Cornell Hood II had gotten probation after his first three marijuana offenses in New Orleans, but when he moved near Slidell, in the St. Tammany Parish, his fourth such conviction sent him away for the rest of his life, reports Ramon Antonio Vargas of the New Orleans Times-Picayune. State Judge Raymond S. Childress sentenced Hood in his courtroom on Covington, Louisiana, on Thursday. A jury on February 15 had found the defendant guilty of attempting to possess and distribute marijuana at his Slidell home, according to court records. Hood had moved from eastern New Orleans to the Slidell area after his third marijuana conviction, for distribution and possession with intent to distribute, on December 18, 2009, in Orleans Parish Criminal District Court. He received a suspended five-year prison sentence and five years' of probation for each count, which was exactly the same penalty he'd gotten in that court after pleading guilty to possessing and intending to distribute marijuana about five years earlier, on February 22, 2005.

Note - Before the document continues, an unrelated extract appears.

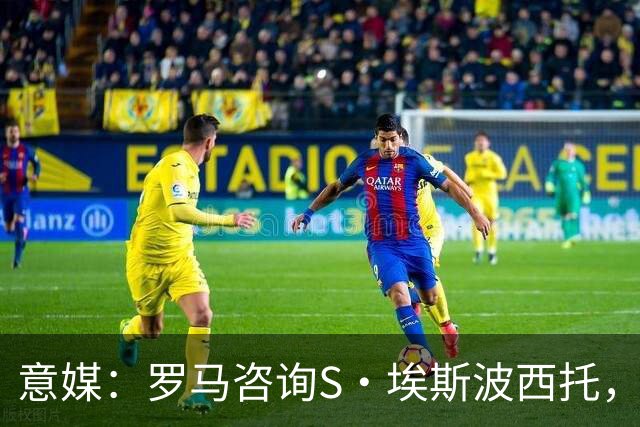 意媒：罗马咨询S·埃斯波西托，卡利亚里底价2500万国米有40%二转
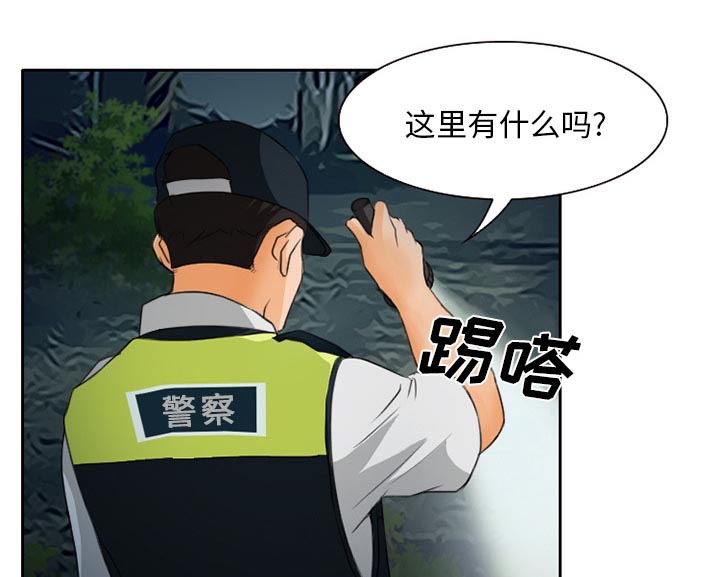 《虚荣与谎言》漫画最新章节第28章：野战免费下拉式在线观看章节第【13】张图片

When Hood moved to Slidell, he also requested a new probation officer in St. Tammany Parish. The new officer, Dustin Munlin, drove to Hood's place for a routine visit on September 27, 2010. Munlin found almost two pounds of cannabis throughout the house Hood apparently shared with his mother and young son, according to court documents. The probation officer alerted sheriff's deputies, who arrested Hood. Prosecutors later charged him with one count of possession with intent to distribute marijuana. At Hood's one-day trial, the evidence presented by the prosecution included a digital scale and about a dozen bags that had allegedly contained marijuana before being seized from the house, according to testimony. Deputies claimed they also found $1,600 in cash and a student-loan application with Hood's name on it inside a night stand. Jurors took less than two hours of deliberation to convict Hood of a reduced charge -- one which normally would carry no more than 15 years in prison. Assistant District Attorney Nick Noriea Jr., apparently ambitious enough to lock a man in a cage forever for marijuana, then used Hood's past convictions to argue that he was a "career criminal" worthy of severe punishment. Drug offenders in Louisiana are subject to life in prison after being convicted three or more times of a crime that carries a sentence of more than 10 years.